◆ Scraped caption text data ◆
= Beginning of Section =
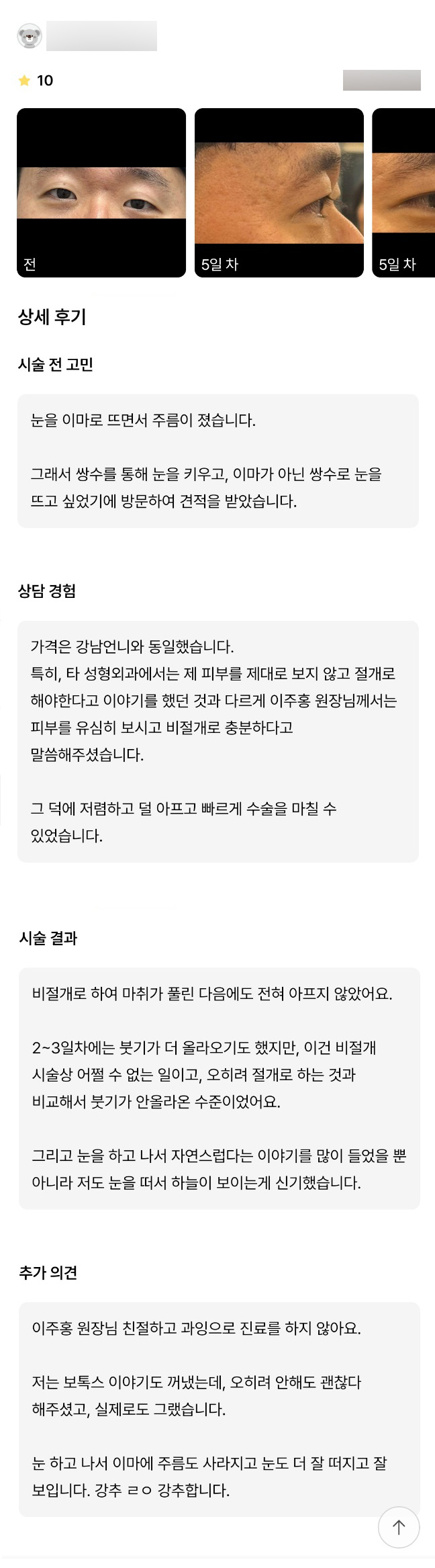 눈성형 후기."강추합니다!" 관련 이미지 1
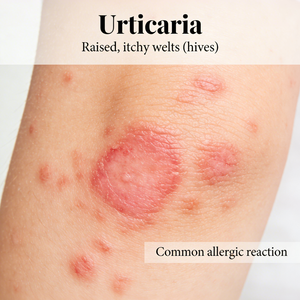 Modelos de urticaria NHP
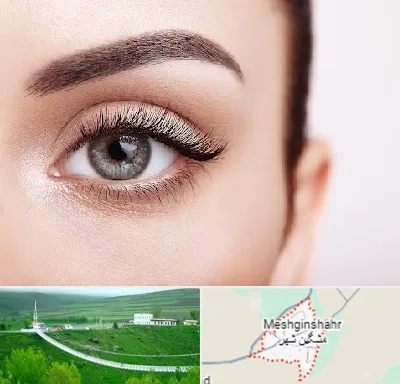 فوق تخصص عنبیه در مشگین شهر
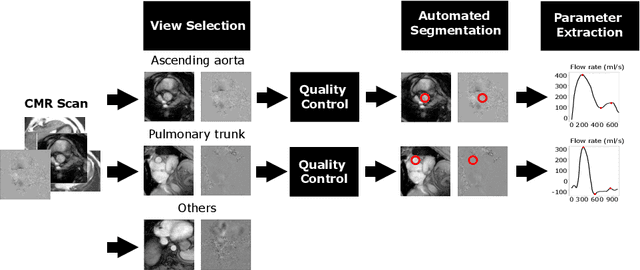 Figure 1 for Automated Quality Controlled Analysis of 2D Phase Contrast Cardiovascular Magnetic Resonance Imaging
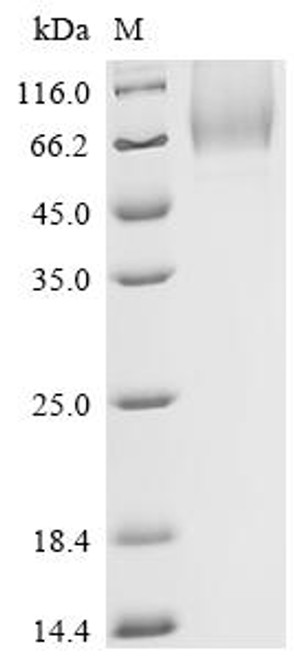 Recombinant Human CD44 antigen (CD44), partial (CSB-MP004938HU3(F1)) Recombinant Human CD44 antigen (CD44), partial (CSB-MP004938HU3(F1))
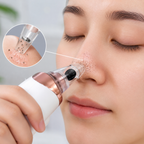 5 in 1 electric blackhead remover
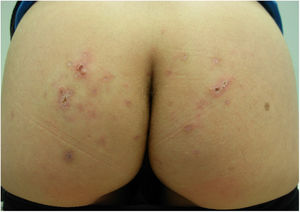 Improvement of skin lesions after treatment with albendazole.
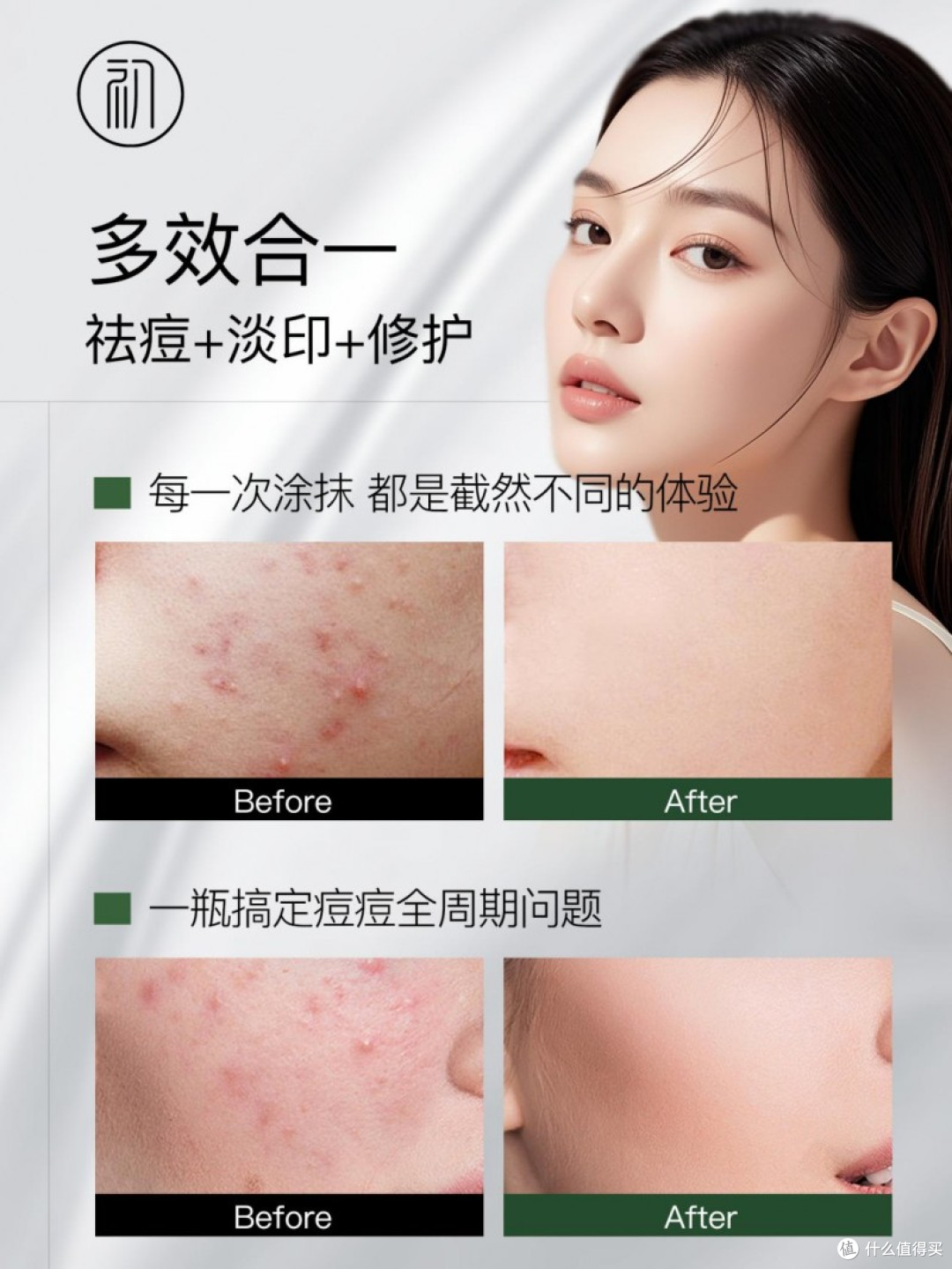 祛痘品牌排行前十名公布,祛痘产品推荐学生党,十大好用祛痘精华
= End of Section =
◆ Exercise prompt ◆
The answer must consist of the line containing "Improvement of skin" and every line after it through the end of the records, retyped exactly, with all pictures left out.

◆ Response to the exercise ◆
 Improvement of skin lesions after treatment with albendazole.
 祛痘品牌排行前十名公布,祛痘产品推荐学生党,十大好用祛痘精华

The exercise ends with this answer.